Copy On Write
Copy-on-write (COW) is an important optimization technique, which is widely used in file system, OS and data structure. The idea of COW comes from lazy-copying. When multiple objects, tasks or processes want to own the similar copies of same resource, it is not necessary to create multiple copies of the resource. Instead one copy of resource is shared among these owners. The resource is only copied when some owner wants to modify it. COW does a good job when coping resource is expensive or modification rarely happens.
A very successful example using COW is fork() in Linux. When a new process is created, conceptually fork() makes copy of the parent's text, data, heap, and stack segments. However, performing a simple copy of the parent's virtual memory pages into a new child process would be wasteful because fork() is often followed by an immediate exec(), which replaces the process with a new program and reinitialize the process' memory. Most modern Linux implementation use COW to handle this case. After fork(), the child process and parent process share the same physical memory pages. The kernel traps any attempts by either the parent or the child to modify one of these pages, and makes duplicate copy of the about-to-be-modified page. This new page copy is assigned to the faulting process, and the corresponding page table for the child process is adjusted appropriately. From this point on, the parent and child has its private copies of the page and modification is invisible to the other process.
COW in String Implementation
COW is also used in class string. There are two reasons
- Copying string is very expensive. Allocating space on heap and memory copying are involved
- Modification on string is infrequent.
As the real data is shared between multiple string objects, there must an reference count in the string class. Just like the implementation in shared_ptr, the string object must share the same reference count as well. When the first string is constructed, the reference count is initialized to 1. If the string is copied through copy constructor or assignment, the reference count is incremented by 1. When a string is destroyed, the reference count is decremented by 1. If the reference count is 0. the data is freed from the heap because there is no string object holding this data now.

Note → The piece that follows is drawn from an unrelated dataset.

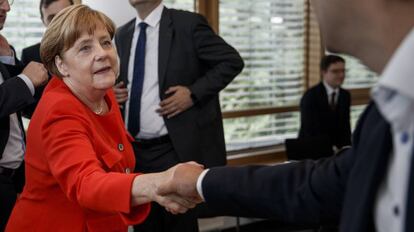 Angela Merkel, canciller alemana, este lunes en Berl&iacute;n.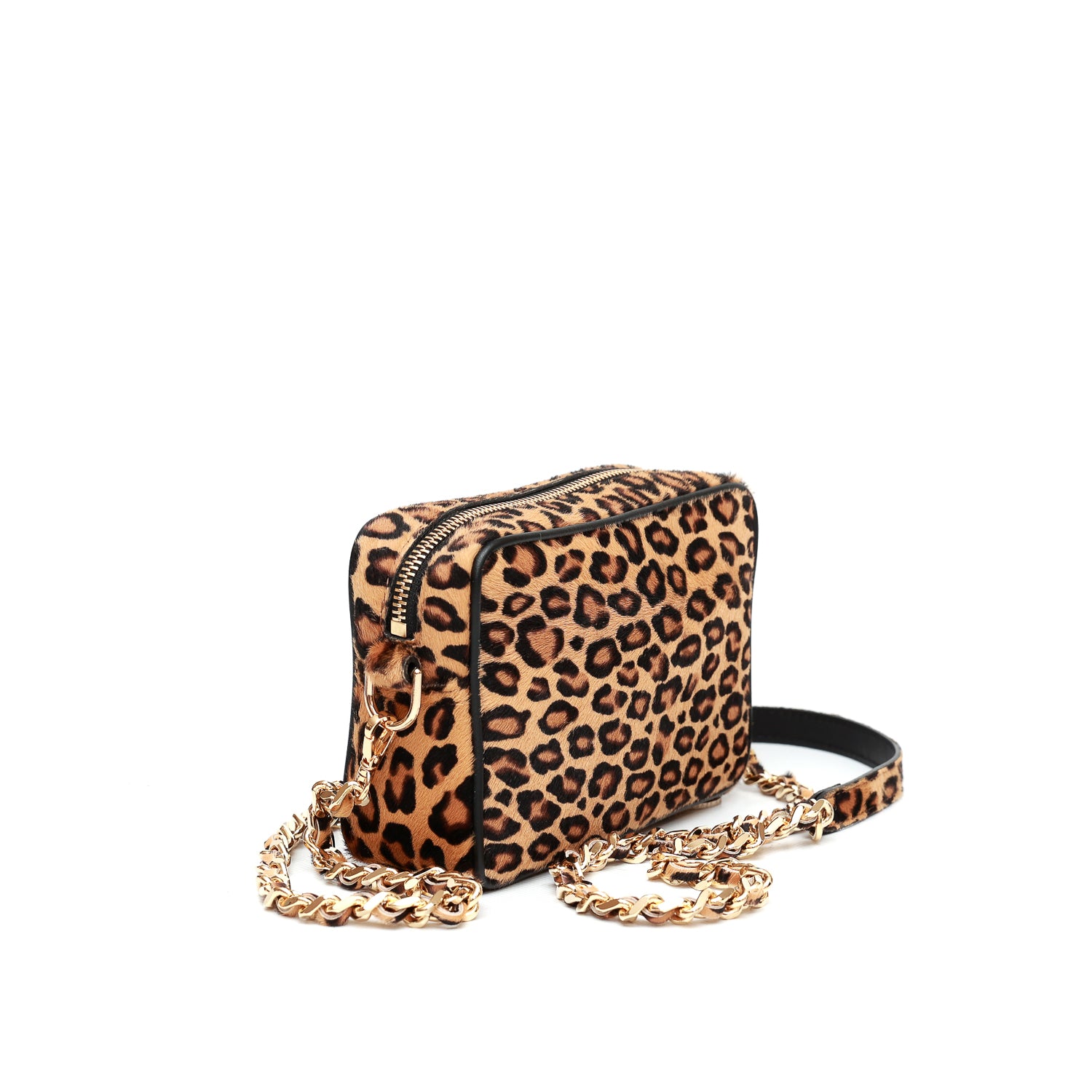 Miss bag misura piccola, borsa da donna a tracolla in pelle maculata e laccio con catena color oro, prodotta in Italia da Pianigiani Bags.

When some mutating function like insert(), replace() and operator [] is called on string, COW happens. Some simple implementation is as like following.
if((*_refcount) > 1){
char* p = new char[_len + 1];
memcpy(p, _data, _len + 1);
_data = p;
--(*_refcount);
_refcount = new size_t;
(*_refcount) = 1;
}
Testing Code
To test if string is implemented by copy on write mechanism, I write a simple test program. For string, there are only two types of copies. One is assignment and the other is copy constructor. In the test program, str2 is assigned from str1 and str3 is copy constructed from str2. The address of the data is printed out before and after modification. So what is the result? Let's build the test program using gcc 4.4 and vc2012 and run it in Linux and windows.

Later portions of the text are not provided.